Penasaranku membuncah, ingin kutanya padanya mengapa ia gundah gulana? Aku tak
kuat bertanya itu padanya. Waktu itu juga aku memeberanikan diri. Ia duduk di
dipan, Aku coba kesampingnya.
“Mbok,
Mbok.. , Ada apa ya kok menung aja seharian?”
“Ga
apa-apa, nak”
“Ayo
Mbok jujur toh”
Sebenarnya
ia tak ingin bercerita namun sesegera mungkin ia meluapkan kegundahannya padaku.
Meski terbata di awal.
“Gini
loh. Mbok senang kalau kamu udah kerja, sangat senang. Apalagi kamu sudah
mengajari anak-anak desa ini makin pintar. Tapi ya kerjamu itu yang diberi
balasan yang setimpal dong. Mbok pingin kamu jadi orang kantoran. Kamu pergi
pagi-pagi membawa tas dengan pakaian rapi. Kamu dapat gaji yang pas tiap bulan.
Mbok juga kepingin kamu itu ditanya tetangga. Kalau kamu itu kerja dimana?”
“Anakku
kerja PNS”, ia melirik lekat ke arahku.
“Iya
Mbok tapi, ..”
“Tapi,
ya itu cuma mimpi-mimpi Mbok.
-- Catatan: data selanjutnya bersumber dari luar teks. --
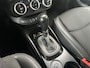 Fiat 500X 1.3 GSE Sport | Mat Groen origineel | 1/2 leder | Facelift | 150PK | Navi | Camera | Uniek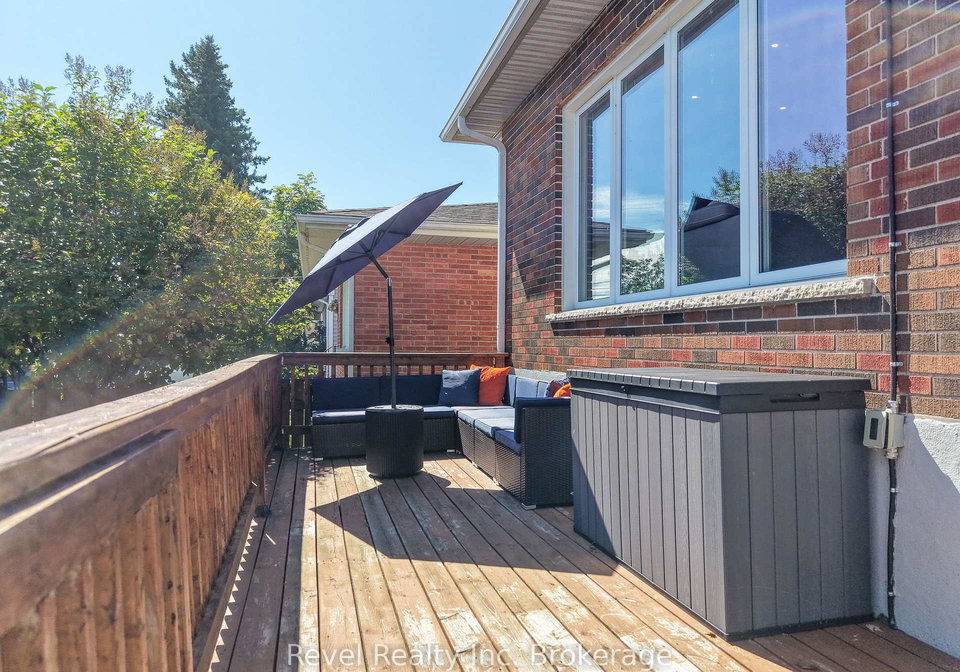257-lee-avenue-north-bay-ontario-x13727282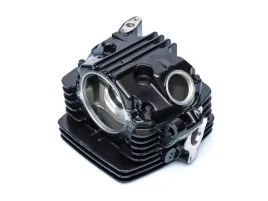 glowica-cylindra-125cc-do-zipp-vz-5-2024r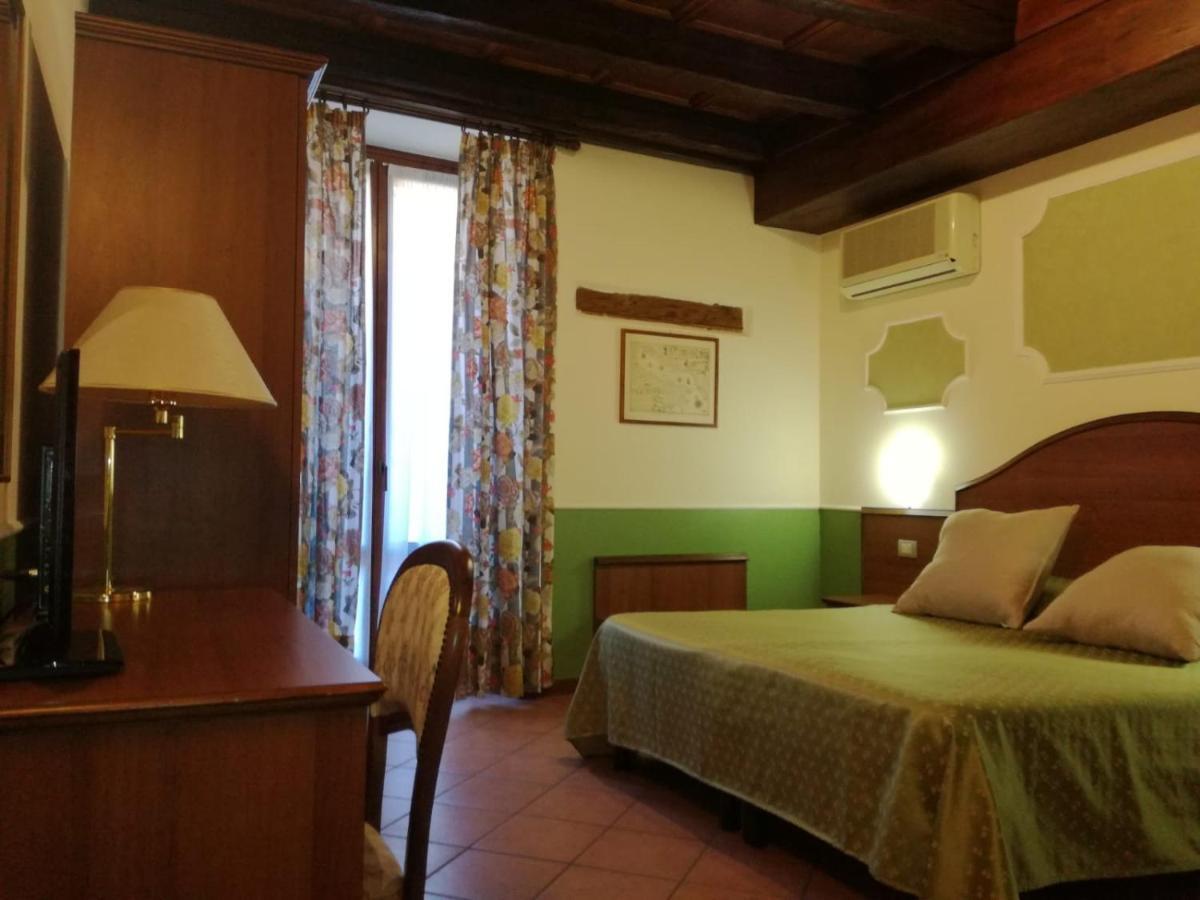 Hotel Cavour Verona Ngoại thất bức ảnh
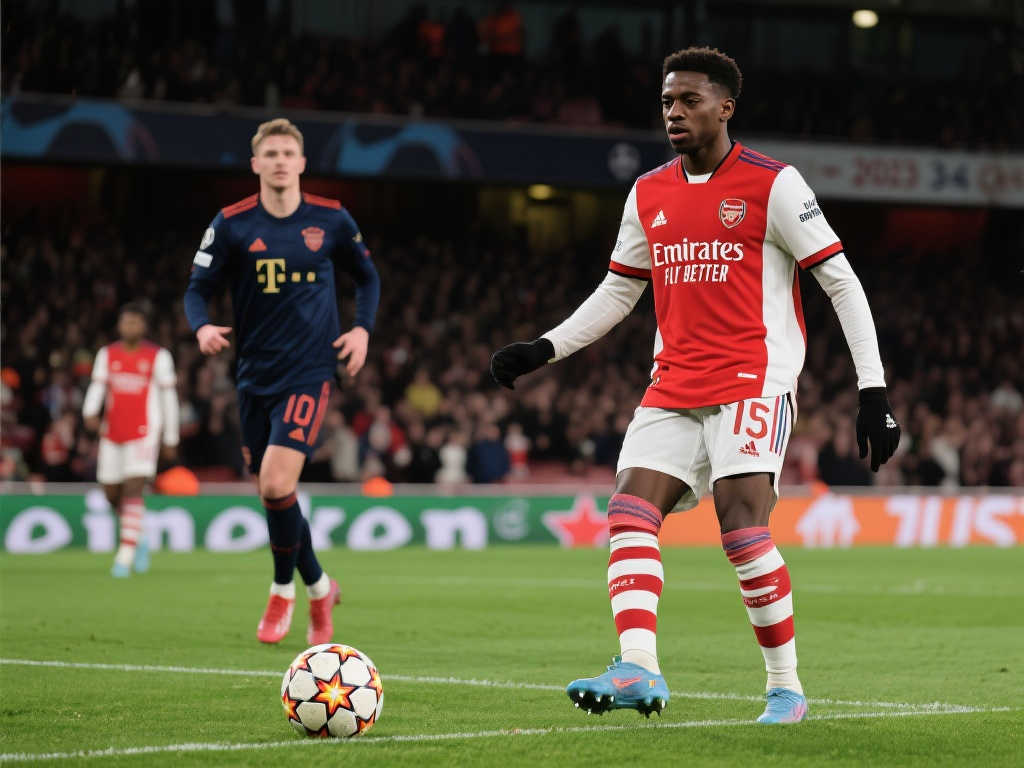 這一次的勝 這一次的勝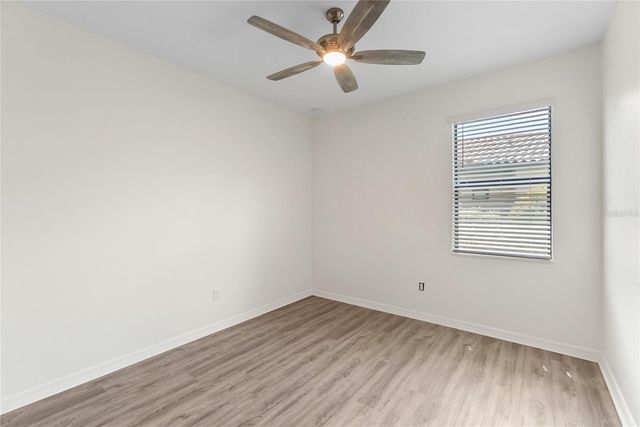 9730 CARNOUSTIE PLACE, Bradenton, FL 34211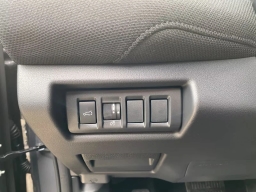 Subaru Outback Premium AWD 2026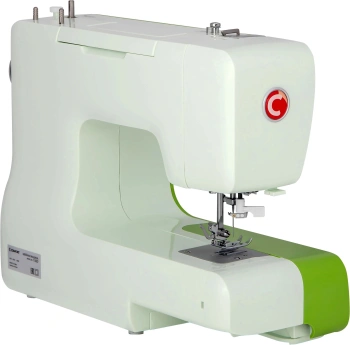 Швейная машина Comfort 1080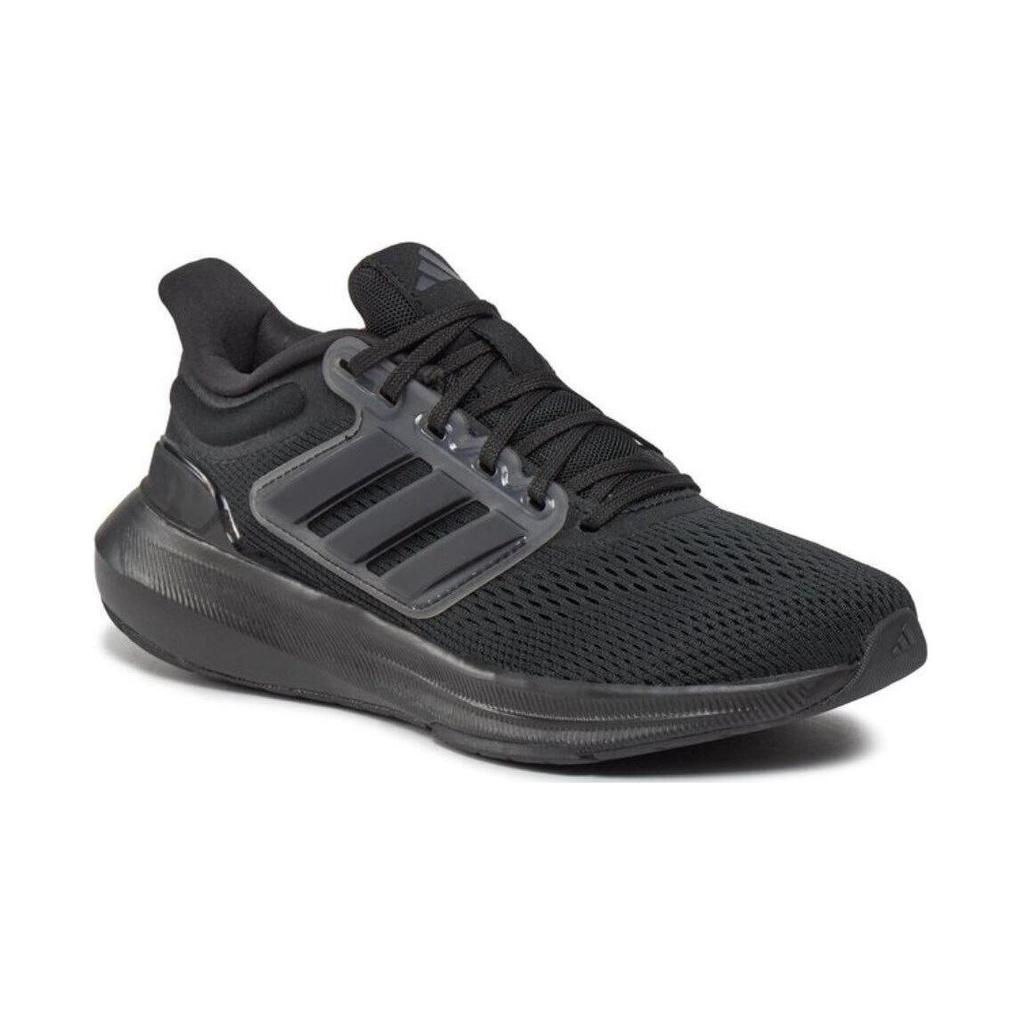 Adidas ULT Cushioning Low top Kids' Running Shoes Black Teenagers IG7285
Biar kamu gak seperti Mbok loh”
Aku
tak kuat untuk melawan argumennya lagi. Sebab aku tak pernah diajarkan untuk
menepis kemuliaan yang dipinta orang tua. Bagiku itulah doanya padaku saat ini.
Aku sungguh menikmati kata-kata itu.
Aku sempat mendengar kabar dari tetangga kalau
salah satu pemuda di kampung sebelah menjadi pegawai negeri sipil di kantor
kecamatan. Mungkin itu yang membuat Ibu memiliki mimpi anaknya berseragam.
Begitu polosnya dan cintanya Ibu. Aku sesak dalam labirin yang tak berisi
udara. Ibu sangat mencintaiku. Lalu kutekankan pula dalam kondisi melankolis
itu bahwa aku harus bisa menempuh yang ia pinta.
Dan
benar saja tak berapa lama ada tes penerimaan pegawai negeri sipil di
kabupaten. Aku mendaftar dengan sejuta harapan yang membisu agar pinta Ibu jadi
pintu nyata cintaku padanya. Sejak saat itu, Aku berusaha menghadirkan suasana
belajar yang intens di balik tepas-tepas yang mau rubuh. Tinggallah aku
menunggu hasil dari sebuah harapan. Apakah harapan akan berbuah mimpi atau hanya
ilusi? Tak sabar kugesa langkah ini.
Kupacu tumitku untuk menuju ke kantor kecamatan, tapi sebelumnya Aku pamit ke
Ibu.
“Mbok,
aku ke kecamatan yo. Lihat hasil pengumuman. Doain ya Mbok”
“Iyo,
hati-hati nak”
Semakin
lama hangat tubuh ini semakin tak stabil, tak siap untuk melihat sebait kecil
namaku.
“Jarwo
Prasetyo”
Itu
Aku, air mataku penuh menganak sungai. Semua peluh tumbuh menjadi teh yang
diseduh. Penuh nikmat dan rasa manis. Tak ada luka, sakit hanya senang dan
riang. Aku menatap jauh ke langit, melihat Ibu tersenyum di balik awan.
Memanggilku pulang ke rumah dan menghendakiku mendekapnya lalu berkeliling ke
ladang-ladang milik orang. Aku akan mengajaknya dengan seragam abdi negara ini
menuju kantorku. Melihat pergi pagi dengan rapi dan pulang kesorean dengan
segepok buah tangan. Ibu pasti senang. Kuputar balik arahku searah degup
jantung yang dicabik-cabik cinta. Di mata hanya ada matanya. Di telinga hanya
ada suara celengannya. Di bibir mengucap doa padanya. Teriakku sudah kuungkap
setibanya di ujung desa kami.
“Mbok,
aku lulus jadi abdi negara. PNS Mbok, PNS”
“Mbok,
Mbok dimana?”
Belum
juga kuterima balasan sahut yang diharap. Lalu aku termangu di depan
ladang-ladang. Hanya ada jalan berlubang bersimbah darah. Tak ada perempuan.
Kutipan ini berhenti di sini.